Web page caption snippets
---+---

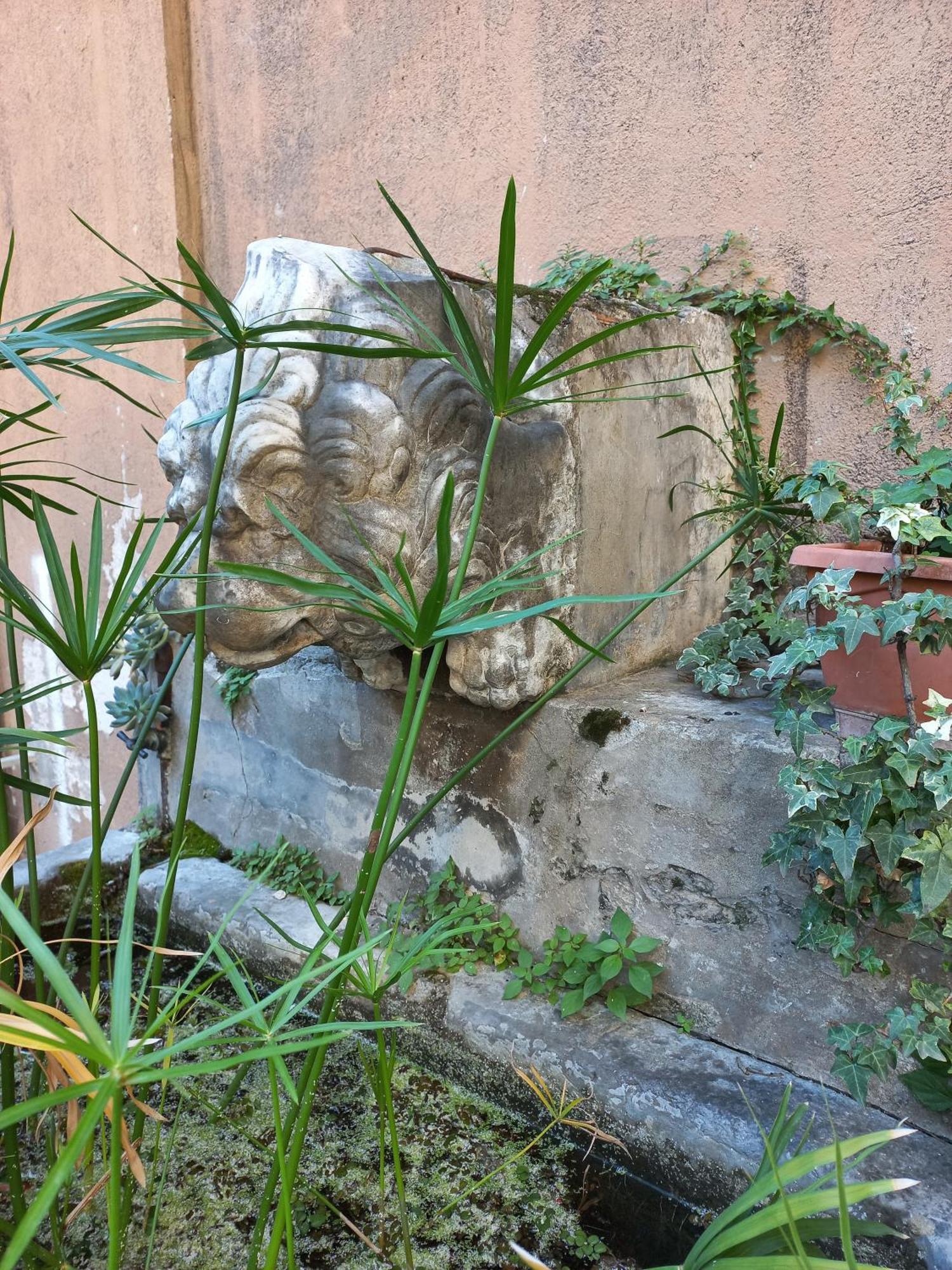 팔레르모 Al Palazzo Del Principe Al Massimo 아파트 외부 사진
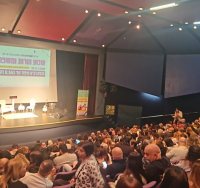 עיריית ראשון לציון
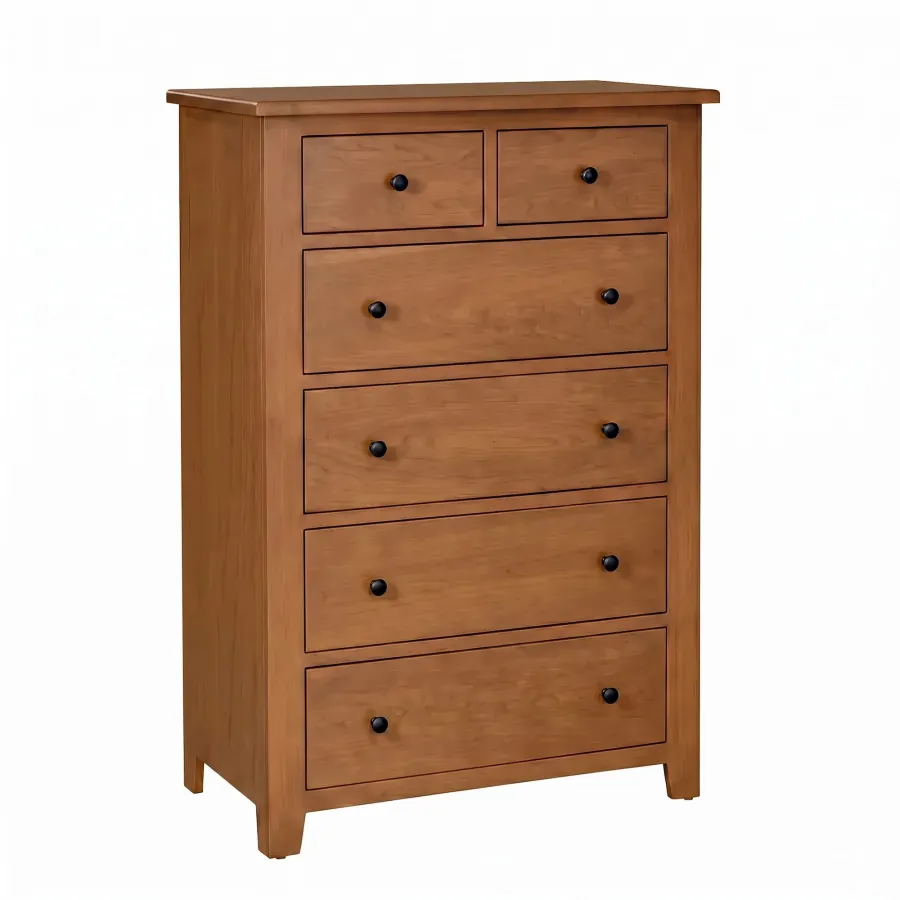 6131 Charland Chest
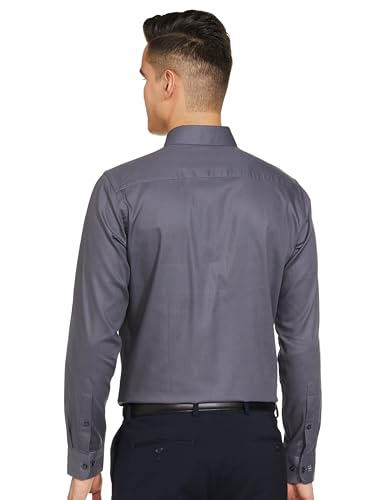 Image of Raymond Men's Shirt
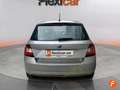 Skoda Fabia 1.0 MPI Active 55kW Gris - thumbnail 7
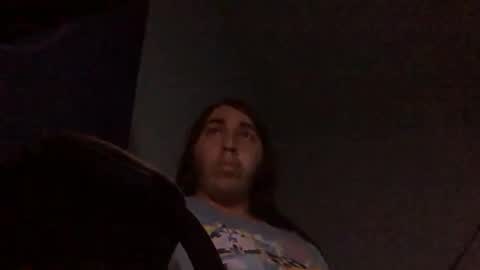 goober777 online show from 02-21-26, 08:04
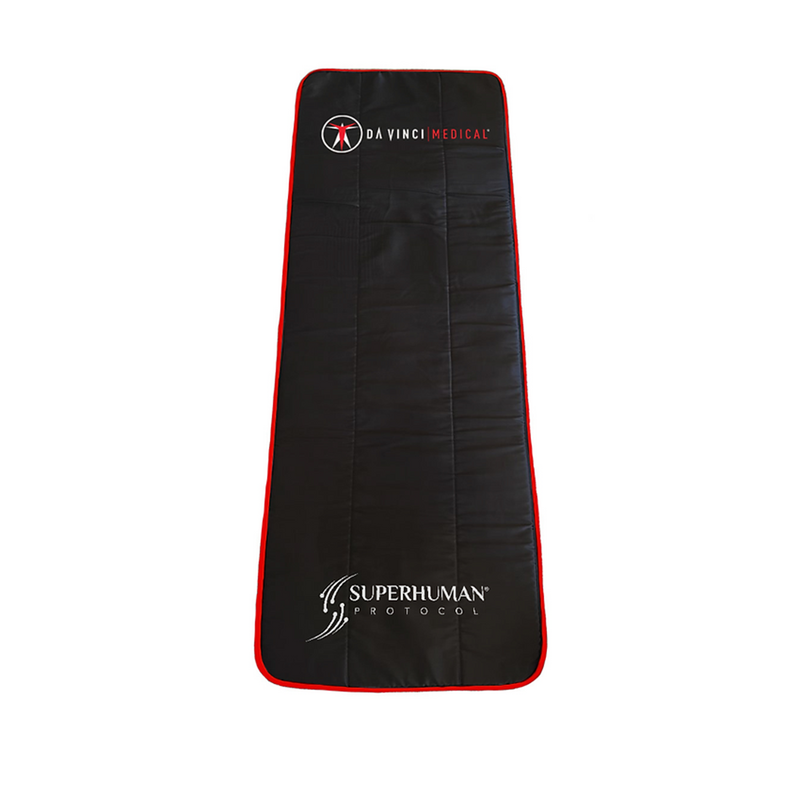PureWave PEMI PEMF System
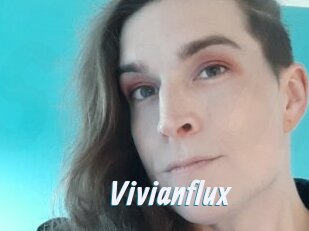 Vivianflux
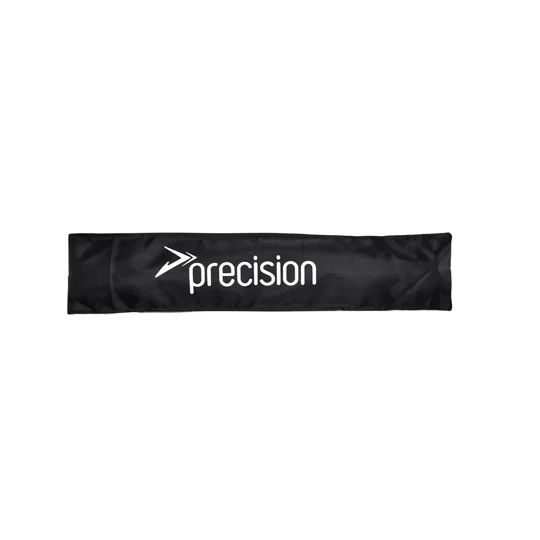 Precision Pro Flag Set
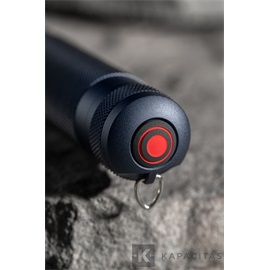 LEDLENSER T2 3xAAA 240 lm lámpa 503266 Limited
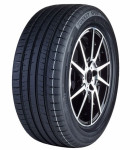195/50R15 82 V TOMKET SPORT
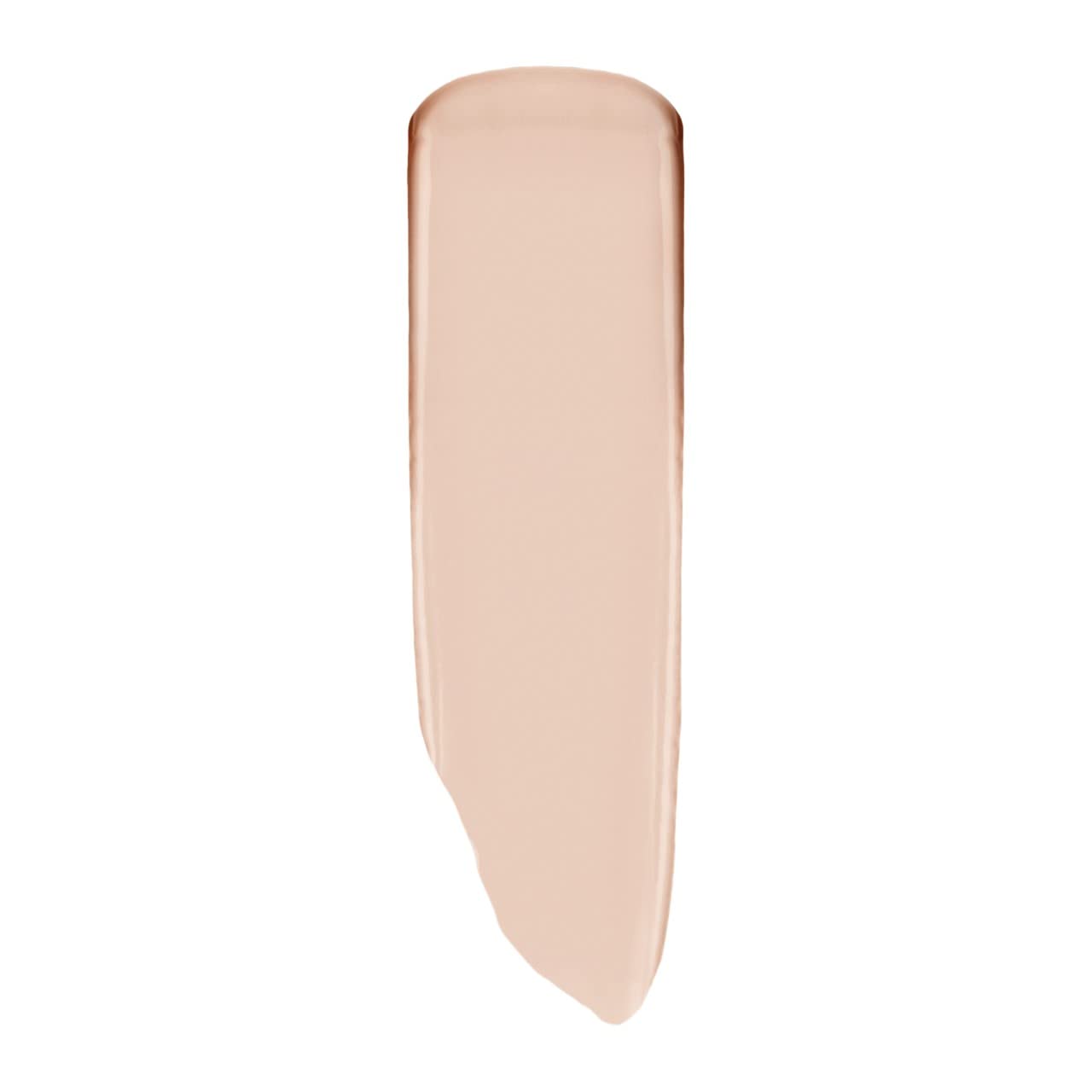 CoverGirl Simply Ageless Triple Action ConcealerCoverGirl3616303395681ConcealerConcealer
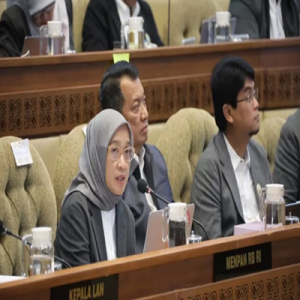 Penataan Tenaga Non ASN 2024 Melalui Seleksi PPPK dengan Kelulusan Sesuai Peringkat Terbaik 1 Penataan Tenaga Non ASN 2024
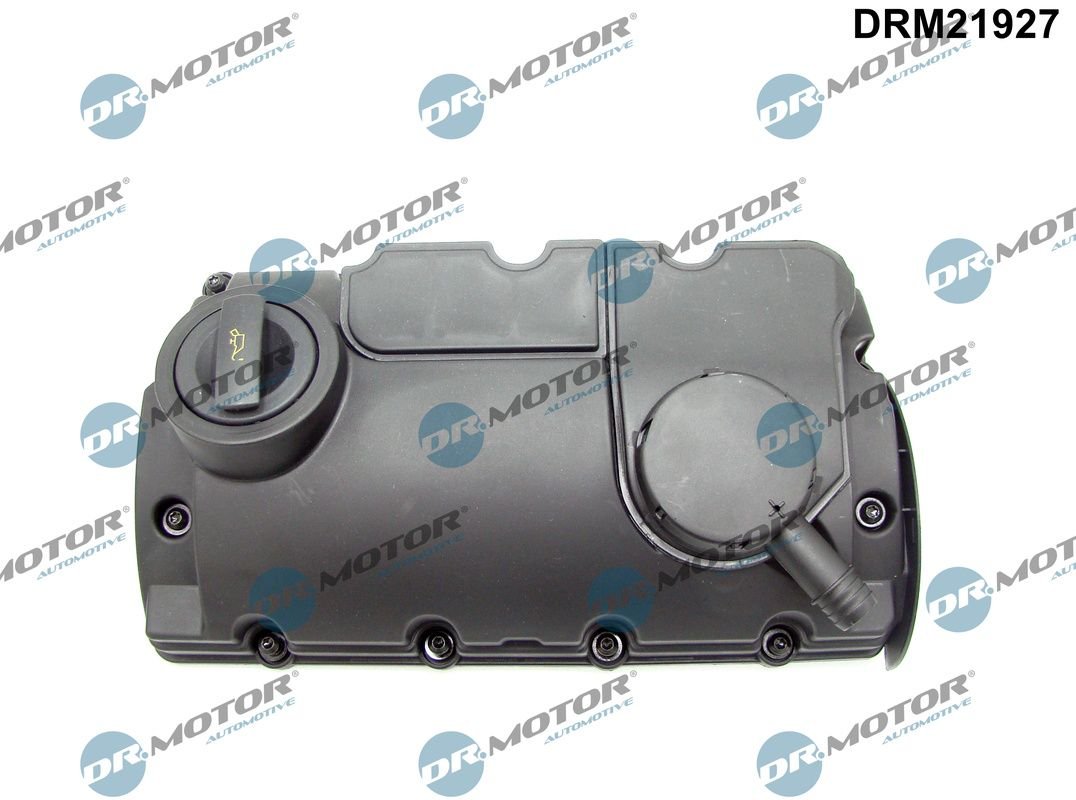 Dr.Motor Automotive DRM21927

---+---

## THE PROBLEM
With pictures excluded, the lines running from the one containing "Skoda Fabia 1.0" through the last line of the records above are to be restated exactly and in full.

## RESULT OF THIS TASK
 Skoda Fabia 1.0 MPI Active 55kW Gris - thumbnail 7
 goober777 online show from 02-21-26, 08:04
PureWave PEMI PEMF System
 Vivianflux
 Precision Pro Flag Set
 LEDLENSER T2 3xAAA 240 lm lámpa 503266 Limited
195/50R15 82 V TOMKET SPORT
 CoverGirl Simply Ageless Triple Action ConcealerCoverGirl3616303395681ConcealerConcealer
 Penataan Tenaga Non ASN 2024 Melalui Seleksi PPPK dengan Kelulusan Sesuai Peringkat Terbaik 1 Penataan Tenaga Non ASN 2024
 Dr.Motor Automotive DRM21927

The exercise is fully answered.